Fourth quarter 2009 pipeline throughput decreased from the fourth quarter of 2008, as incremental volumes from the recent expansions listed above helped offset weaker demand due to slower economic conditions. However, throughput has no material impact to near-term financial results because a significant portion of pipeline revenues are derived from demand charges under long-term contracts. Pipeline Group Results
Quarters Ended
December 31,
($ in millions) 2009 2008
----------- -----------
EBIT before noncontrolling interests $ 394 $ 330
Net income attributable to noncontrolling
interests (27) (11)
----------- -----------
EBIT $ 367 $ 319
DD&A $ 104 $ 100
Total throughput (BBtu/d)(1) 17,885 19,067
(1) Includes proportionate share of jointly owned
pipelines
Exploration and Production
The Exploration and Production segment reported EBIT of $187 million for the quarter ended December 31, 2009, compared with an EBIT loss of $2.5 billion for the same period in 2008. Fourth quarter 2009 EBIT includes $38 million of non-cash ceiling test charges in the company's Brazilian and Egyptian full cost pools, primarily driven by lower prices and a reserve revision in Brazil, as well as a $9 million non-cash impairment of a domestic processing plant. Fourth quarter 2008 results include $2.7 billion of non-cash ceiling test charges in the company's domestic and Brazilian full cost pools as well as a $125 million non-cash impairment related to the company's investment in Four Star. After considering these charges, the primary reasons for the decline in E&P segment reported EBIT from 2008 to 2009 were overall lower commodity prices and lower gains on financial derivatives, partially offset by reduced operating expenses.
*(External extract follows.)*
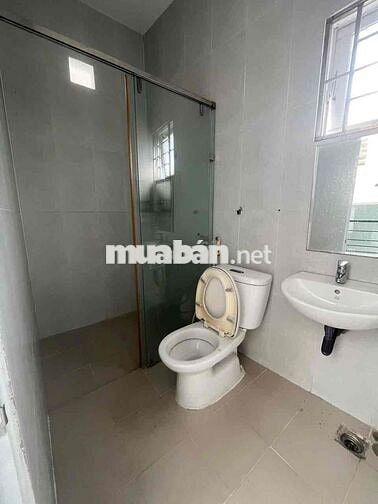 cho thuê nhà sát quang trung 8tr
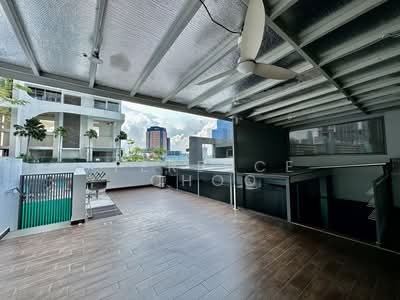 For Sale - Spottiswoode 18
Fourth quarter 2009 production volumes averaged 742 MMcfe/d, including 69 MMcfe/d of Four Star unconsolidated affiliate volumes. Fourth quarter 2008 production volumes averaged 752 MMcfe/d, including 73 MMcfe/d of Four Star unconsolidated affiliate volumes. Total per-unit cash operating costs decreased to an average of $1.81 per Mcfe in fourth quarter 2009, down from $2.09 per Mcfe for the same period in 2008. The E&P segment reduced its cash operating costs per unit through greater operating efficiencies and lower service costs. Exploration and Production Results
Quarters Ended
December 31,
($ in millions, except price and unit cost amounts) 2009 2008
-------- --------
Physical sales - natural gas, oil, condensate and NGL
revenue $ 310 $ 370
Realized and unrealized gains on financial derivatives
(1) 151 241
Other revenues 15 12
-------- --------
Total operating revenues $ 476 $ 623
Operating expenses(2) (291) (3,016)
Other income (expenses)(3) 2 (133)
-------- --------
EBIT $ 187 $ (2,526)
DD&A $ 106 $ 199
Consolidated volumes:
Natural gas sales volumes (MMcf/d) 585 587
Oil, condensate, and NGL sales volumes (MBbls/d) 15 15
Total consolidated equivalent sales volumes (MMcfe/d) 673 679
Four Star total equivalent sales volumes (MMcfe/d)(3) 69 73
-------- --------
Total combined 742 752
Weighted average realized prices, including financial
derivative settlements
Natural gas ($/Mcf) $ 7.46 $ 6.79
Oil, condensate, and NGL ($/Bbl)(4) $ 87.05 $ 54.84
Transportation costs
Natural gas ($/Mcf) $ 0.28 $ 0.28
Oil, condensate, and NGL ($/Bbl) $ 0.50 $ 0.94
Per-unit costs ($/Mcfe)
DD&A $ 1.71 $ 3.19
Cash operating costs(5) $ 1.81 $ 2.09
(1) Includes gains of $84 million in 2009 and $39 million in 2008
reclassified from accumulated other comprehensive income/loss
associated with accounting hedges
(2) 2009 includes $38 million of ceiling test charges and 2008 includes a
ceiling test charge of $2.7 billion
(3) Four Star is an equity investment. Volumes disclosed represent the
company's proportionate share; 2008 includes a $125 million non-cash
impairment of the company's investment in Four Star
(4) Fourth Quarter 2009 realized price includes approximately $49
million of the $186 million received in the first quarter of 2009
related to the early settlement of $110 per barrel oil derivative
contracts originally scheduled to settle October through December of
2009
(5) Includes direct lifting costs, production taxes, G&A expenses, and
taxes other than production and income
Hedge Positions
The company actively manages its exposure to commodity prices using various hedging strategies. In 2009, the company reported a gain of $687 million on its price-related E&P financial derivatives.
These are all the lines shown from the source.